[Opening DATA SUPPLIED section]

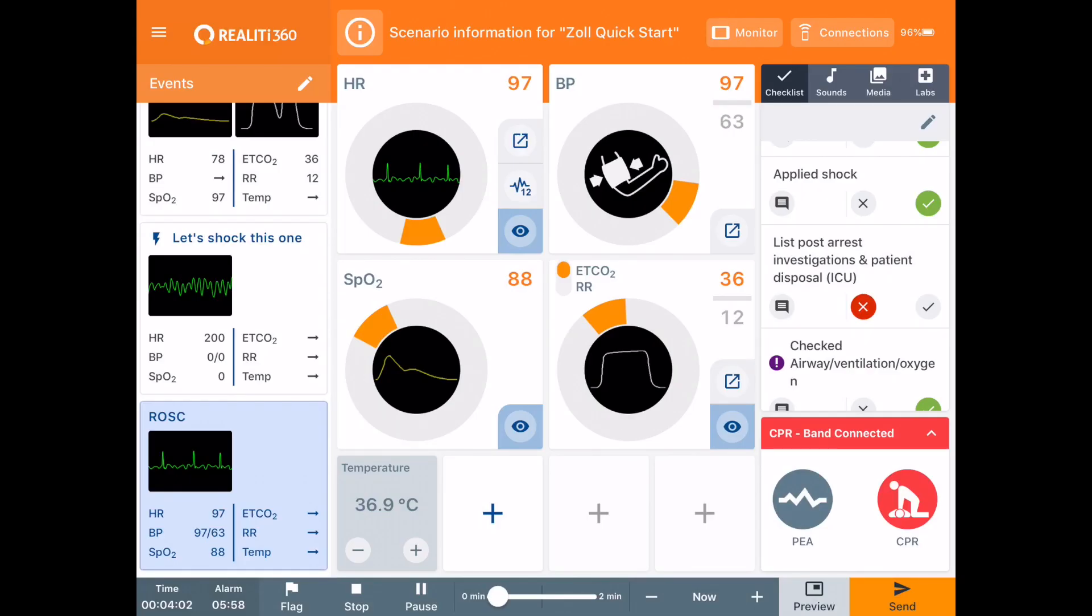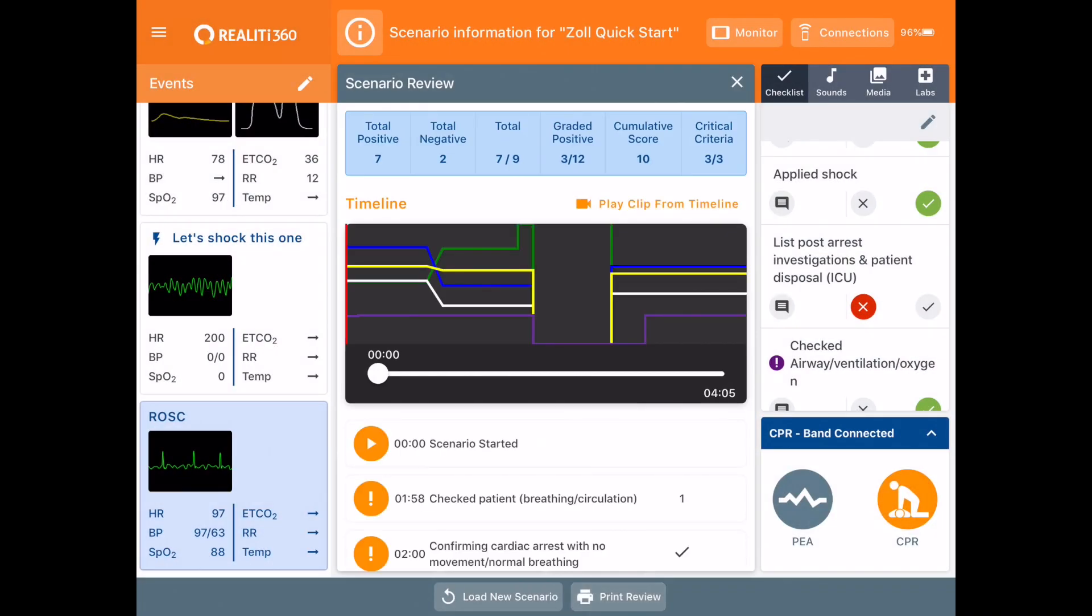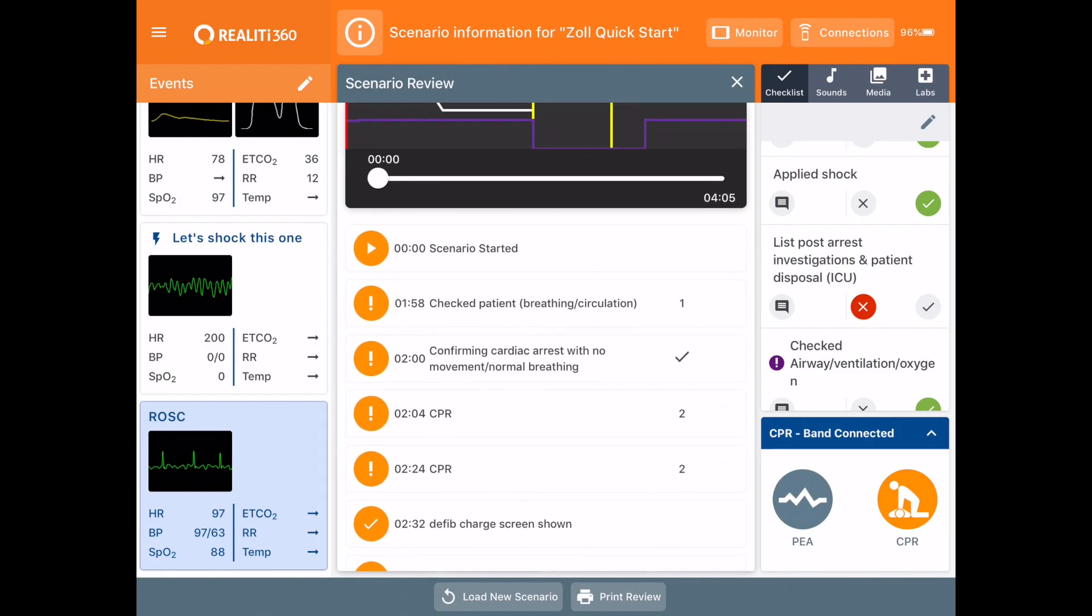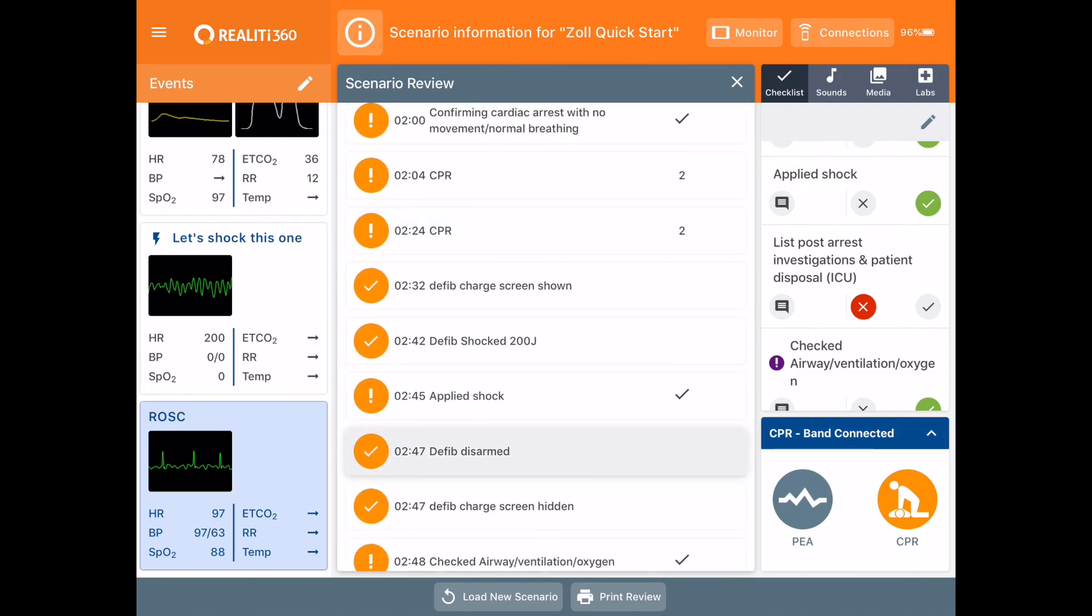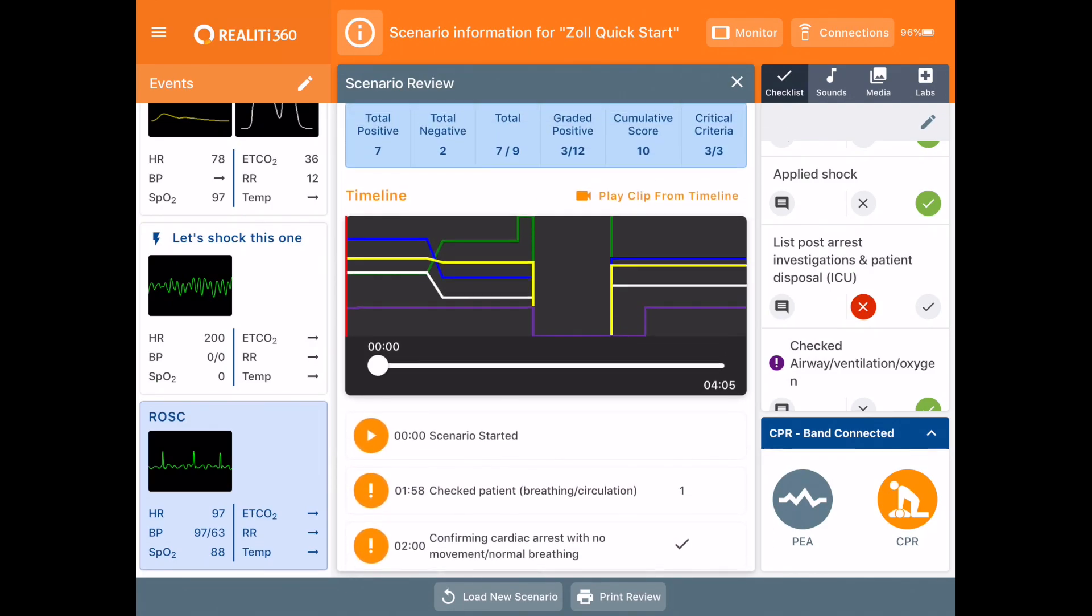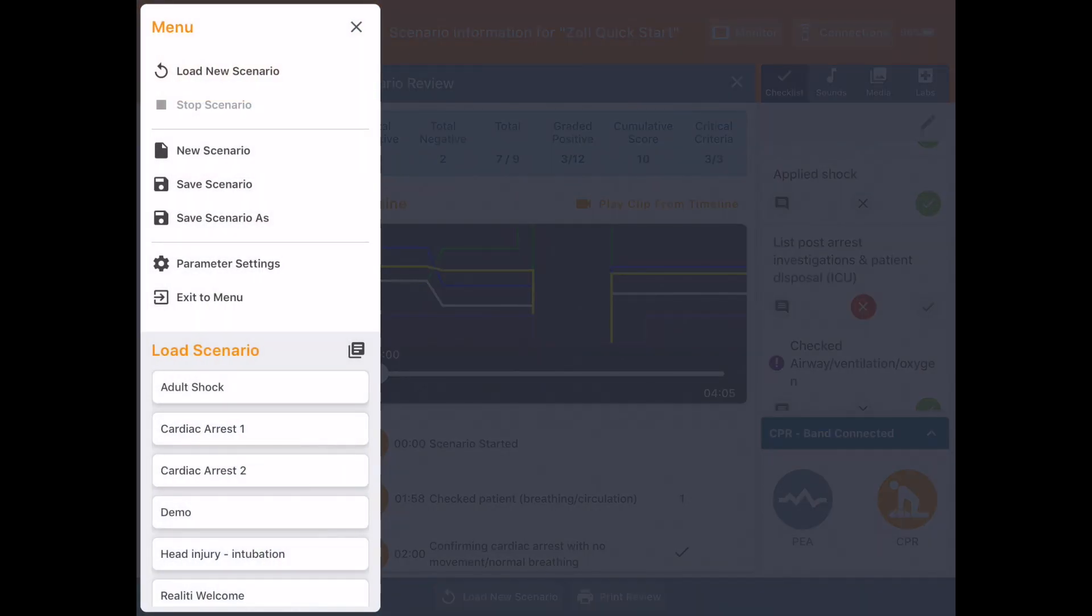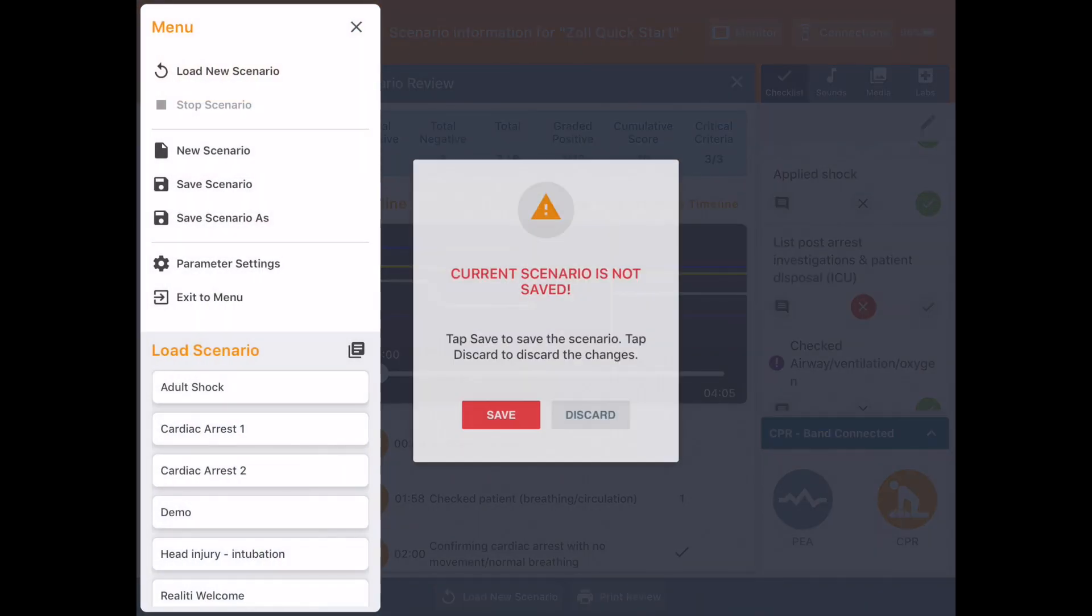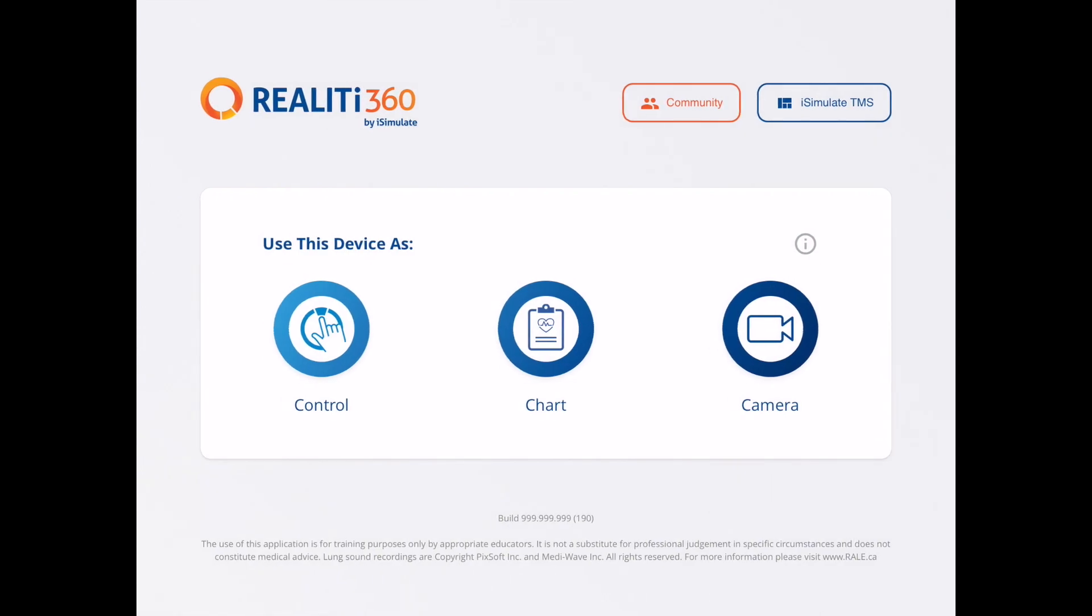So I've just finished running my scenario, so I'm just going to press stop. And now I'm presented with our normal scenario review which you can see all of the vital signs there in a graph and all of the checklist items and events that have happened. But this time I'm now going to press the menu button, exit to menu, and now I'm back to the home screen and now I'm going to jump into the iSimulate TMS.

[Closing DATA SUPPLIED section]
[Opening DATA SUPPLIED section]

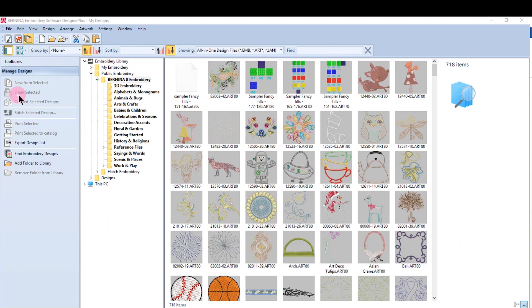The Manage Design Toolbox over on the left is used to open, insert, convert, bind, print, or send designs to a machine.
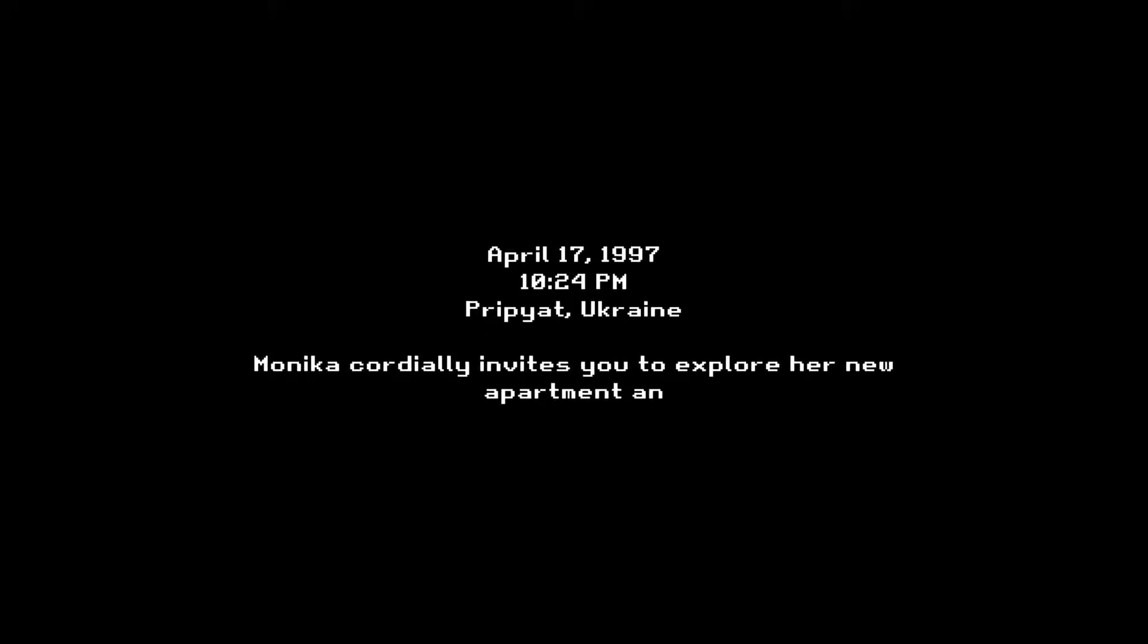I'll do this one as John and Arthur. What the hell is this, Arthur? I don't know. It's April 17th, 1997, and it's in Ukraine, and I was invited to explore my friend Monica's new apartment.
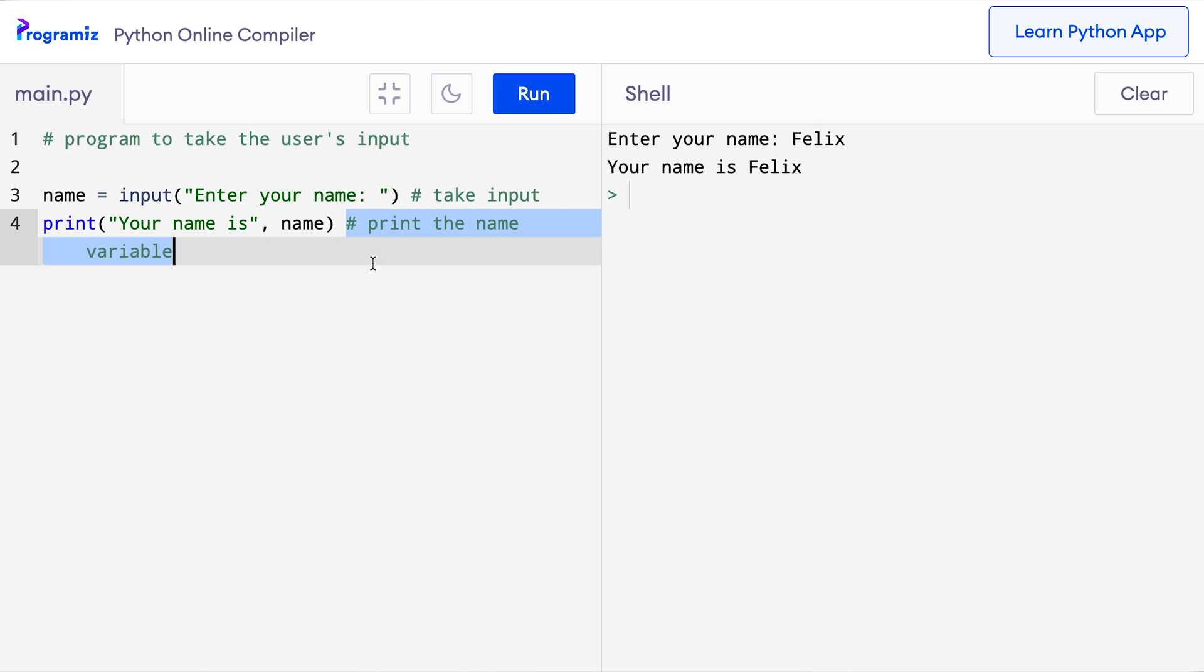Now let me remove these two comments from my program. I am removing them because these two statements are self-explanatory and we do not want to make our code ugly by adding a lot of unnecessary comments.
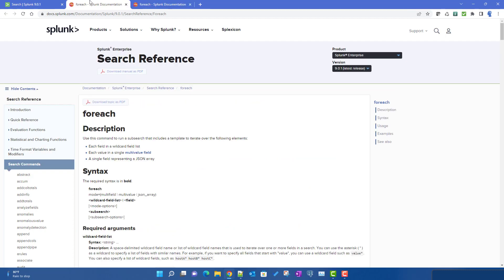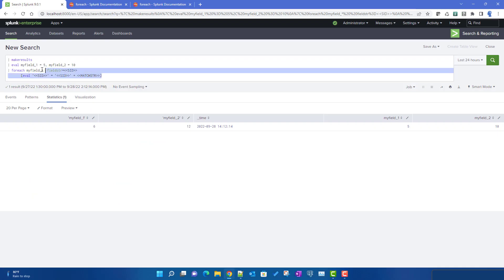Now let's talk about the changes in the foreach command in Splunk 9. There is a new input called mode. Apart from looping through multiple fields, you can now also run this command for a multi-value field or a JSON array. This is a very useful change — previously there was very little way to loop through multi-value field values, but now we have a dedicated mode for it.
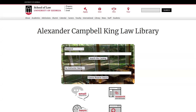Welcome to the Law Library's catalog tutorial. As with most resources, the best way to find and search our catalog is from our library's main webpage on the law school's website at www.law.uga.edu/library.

[Closing DATA SUPPLIED section]
[Opening DATA SUPPLIED section]

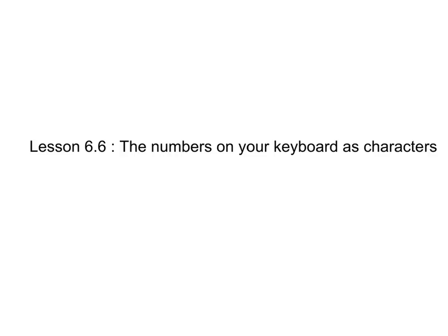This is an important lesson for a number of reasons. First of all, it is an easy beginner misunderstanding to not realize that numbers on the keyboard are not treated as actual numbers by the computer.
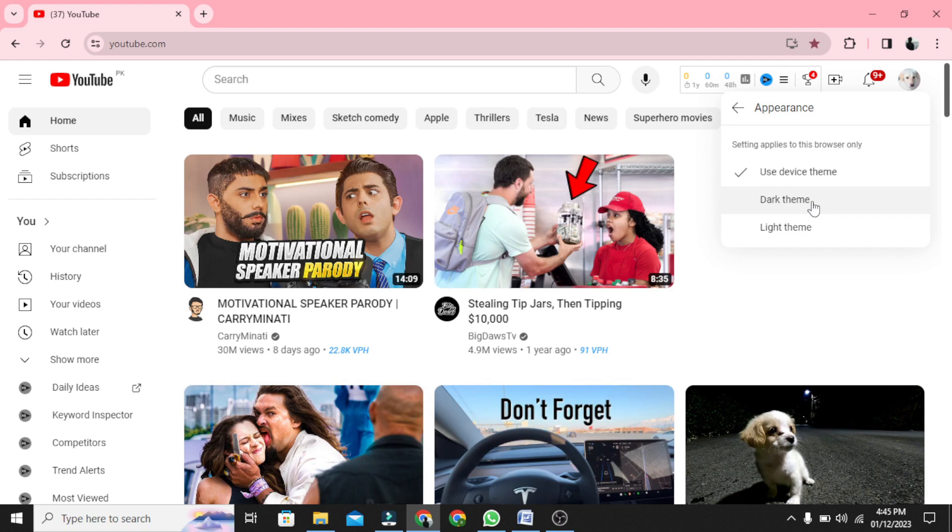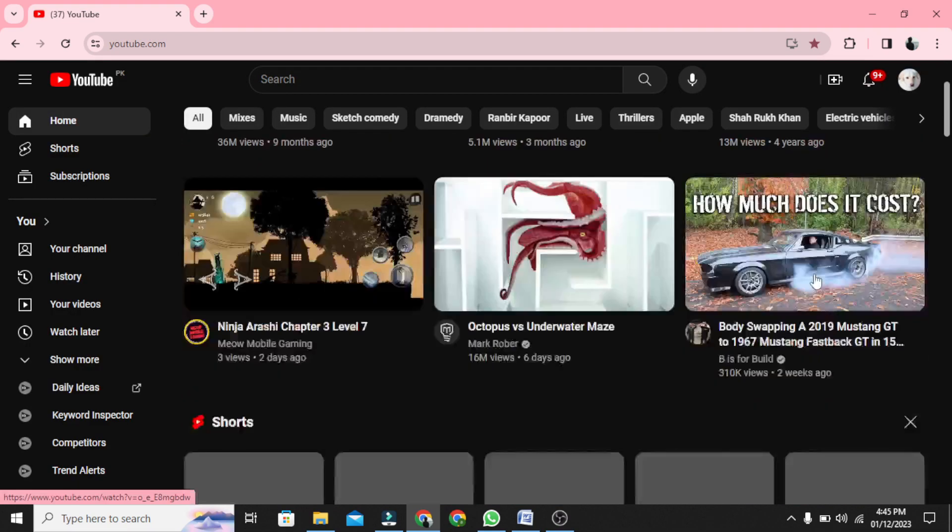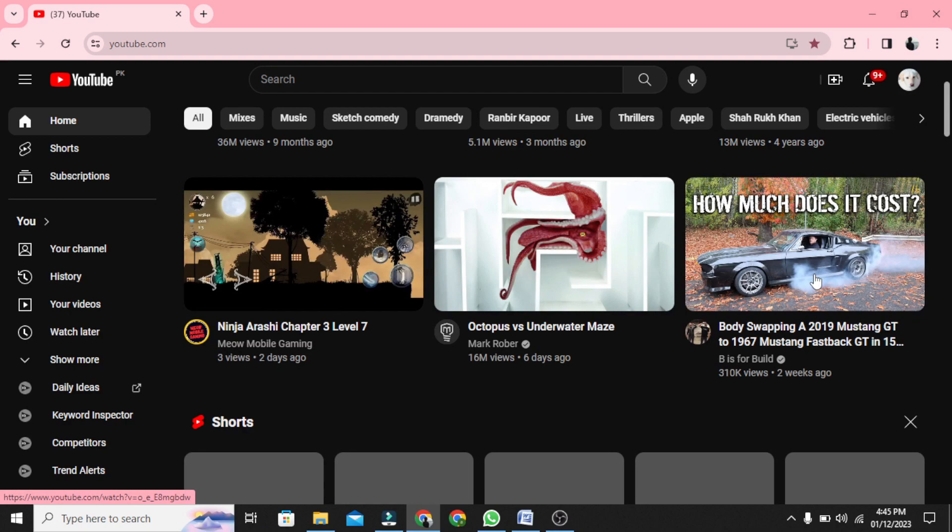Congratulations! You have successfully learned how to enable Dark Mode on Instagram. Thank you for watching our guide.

[Closing DATA SUPPLIED section]

→ **INSTRUCTIONS TO FOLLOW**: From the records above, output only the lines starting at the one containing "The Manage Design" and ending at the one containing "Welcome to the", word for word. Pictures stay out.

→ **SOLUTION**:
The Manage Design Toolbox over on the left is used to open, insert, convert, bind, print, or send designs to a machine.
I'll do this one as John and Arthur. What the hell is this, Arthur? I don't know. It's April 17th, 1997, and it's in Ukraine, and I was invited to explore my friend Monica's new apartment.
Now let me remove these two comments from my program. I am removing them because these two statements are self-explanatory and we do not want to make our code ugly by adding a lot of unnecessary comments.
Now let's talk about the changes in the foreach command in Splunk 9. There is a new input called mode. Apart from looping through multiple fields, you can now also run this command for a multi-value field or a JSON array. This is a very useful change — previously there was very little way to loop through multi-value field values, but now we have a dedicated mode for it.
Welcome to the Law Library's catalog tutorial. As with most resources, the best way to find and search our catalog is from our library's main webpage on the law school's website at www.law.uga.edu/library.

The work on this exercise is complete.